Here's a program that uses the service description outlined above to print the name of any user from WITW:

#!/usr/bin/perl -w -- # -*- Perl -*-

use NSDL::Request;

my $userid = shift @ARGV
    || die "Usage: $0 userid\n";

my $req = new NSDL::Request();
$req->load('witw.nsd');

my $res = $req->user($userid);
print "$userid is $res\n";

I think that satisfies the first requirement. With a little code generation, I could simplify it further, removing the call to “load” and making a class specifically for the WITW services, but I'm not going to bother.

Taking advantage of the service description that returns multiple results, it can be written this way:

#!/usr/bin/perl -w -- # -*- Perl -*-

use NSDL::Request;

my $userid = shift @ARGV
    || die "Usage: $0 userid\n";

my $req = new NSDL::Request();
$req->load('witw.nsd');

my $res = $req->user($userid);
print "$userid is ", $res->name();
print " (", $res->mailbox(), ").\n";
print "Last seen on ", $res->date(), "\n";
print "at (";
print $res->lat(), ", ", $res->long();
print ")\n";

Which produces results like this:

ndw is Norman Walsh (9f5c771a25733700b2f96af4f8e6f35c9b0ad327).
Last seen on 2005-03-09T14:23:41Z
at (42.3382, -72.4500)

Updating my location is just as easy:

#!/usr/bin/perl -w -- # -*- Perl -*-

use NSDL::Request;

my $userid = shift @ARGV;
my $passwd = shift @ARGV;
my $lat = shift @ARGV;
my $long = shift @ARGV;

my $req = new NSDL::Request();
$req->load('witw.nsd');

$req->auth($userid, $passwd);
my $res = $req->ami($lat, $long);

Though in this case I have to provide authentication information so that the POST will succeed (and I haven't bothered with any error checking).

Implementation Details

In the course of building the implementation, I've tried to make it as self-contained and portable as possible. I found that the Perl interfaces to libxml, specifically XML::LibXML and XML::LibXML::XPathContext provided almost everything I needed. The only other external dependencies are to LWP::UserAgent for HTTP support and IO::Scalar for some lazy string construction with print statements.

As an aside, I'm particularly impressed with the XML::LibXML family of packages. They're likely to become my new standards for working with XML in Perl. You get DOM, RELAX NG validation, and XPath support all in one. Nice work!

One More Example

Yeah, yeah, all well and good, you can write simple programs to access a toy web service. What about the real world? Ok, how about using NSDL to access Amazon?

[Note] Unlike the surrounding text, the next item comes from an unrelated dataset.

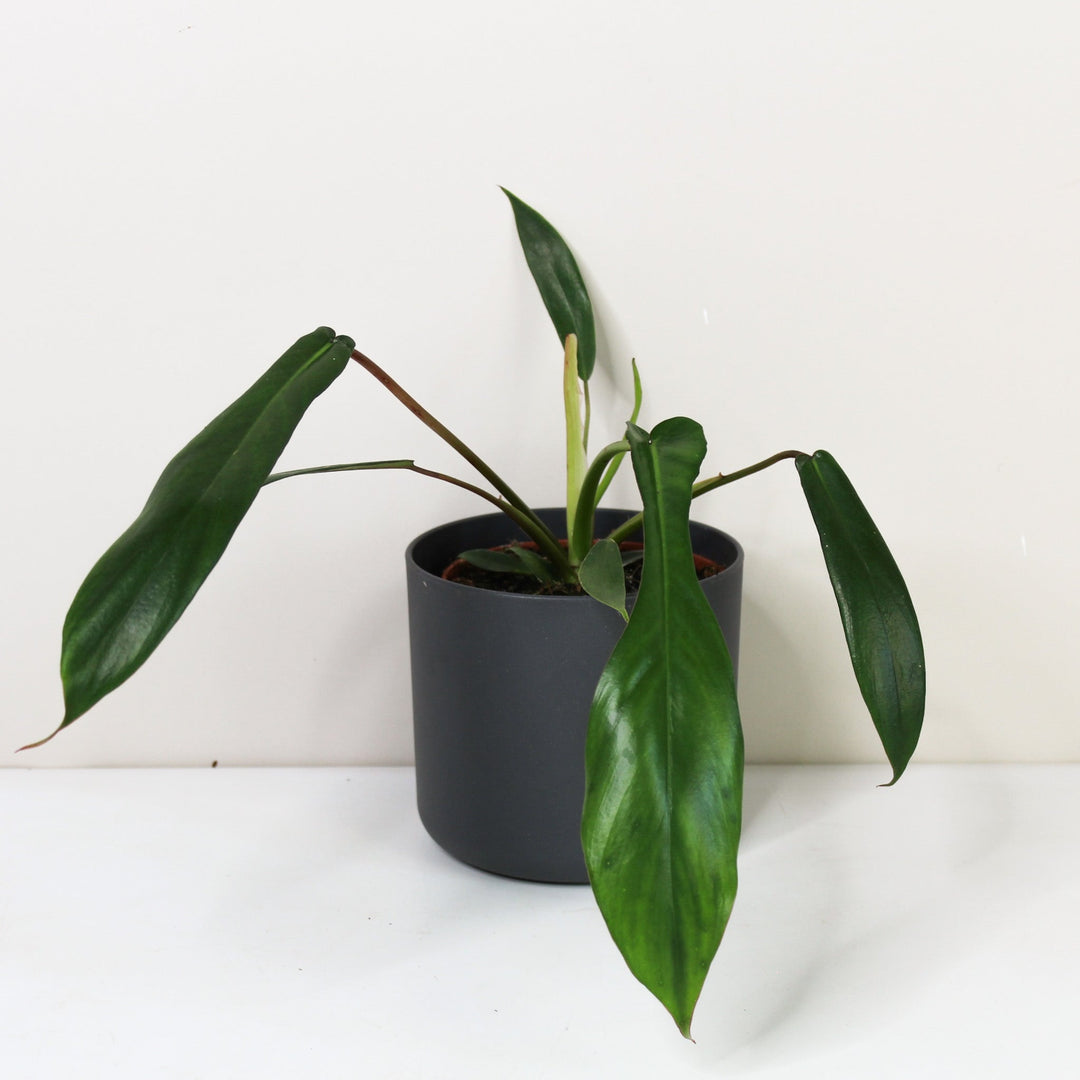 Philodendron Joepii Foliage Dreams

With an appropriate description, we can write a short program to access Amazon books by author:

#!/usr/bin/perl -w -- # -*- Perl -*-

use NSDL::Request;

my $usage = "$0 amazonid author\n";

my $amazonid = shift @ARGV || die $usage;
my $author = shift @ARGV || die $usage;

my $req = new NSDL::Request();
$req->load('amazon.nsd');

my $res = $req->booksbyauthor($amazonid, $author);

printf "Amazon query returned %d results in %1.2fs:\n",
    $res->count(), $res->time();

my $titles = $res->titles();
if (ref $titles) {
    my $count = 1;
    foreach my $title (@{$titles}) {
	print "\t$count. $title\n";
	$count++;
    }
} else {
    print "\t$titles\n";
}

If you ask for books by Norman Walsh today, you get:

Amazon query returned 5 results in 0.07s:
        1. DocBook: The Definitive Guide (O'Reilly XML)
        2. Forensic Nursing and Mental Disorder in Clinical Practice
        3. Agent-Mediated Electronic Commerce IV. Designing Mechanisms and Systems : AAMAS 2002 Workshop on Agent Mediated Electronic Commerce, Bologna, Italy, J ... e / Lecture Notes in Artificial Intelligence)
        4. Docbook la reference
        5. Making TeX Work (A Nutshell Handbook)

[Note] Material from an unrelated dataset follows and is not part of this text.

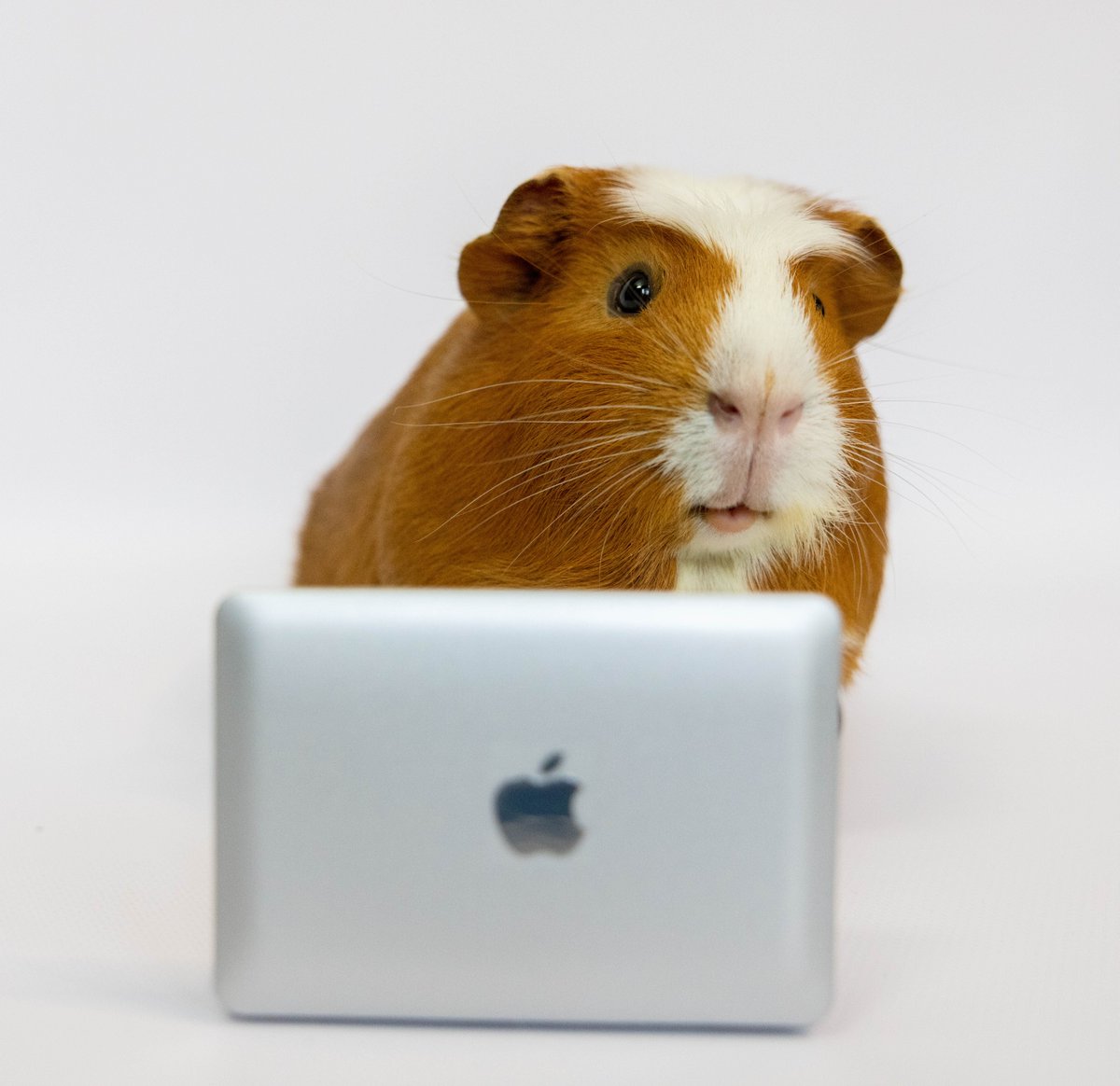 Ollie & Perry tweet media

There. (And three out of five ain't bad, I don't think.) I'm not going to think to hard about the fact that this search turns up DocBook, electronic commerce, and mental disorder.

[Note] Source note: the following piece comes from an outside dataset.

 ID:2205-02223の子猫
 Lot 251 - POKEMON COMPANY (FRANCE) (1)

I've satisfied my own curiosity about a simpler web services description language. And the implementation, though definitely no more robust than a “proof of concept” wasn't that hard to cook up. Pointers to where I've gone totally off the rails are most welcome.

Comments

Nice work Norm; I was posting a comment that grew too long so I moved it to http://www.parand.com/say/?p=13 . Short version: how about specifying the template-able parts of the POST input as XPath, so you have some nice consistency, and I'd argue for removing type information, although I'm probably alone in thinking that.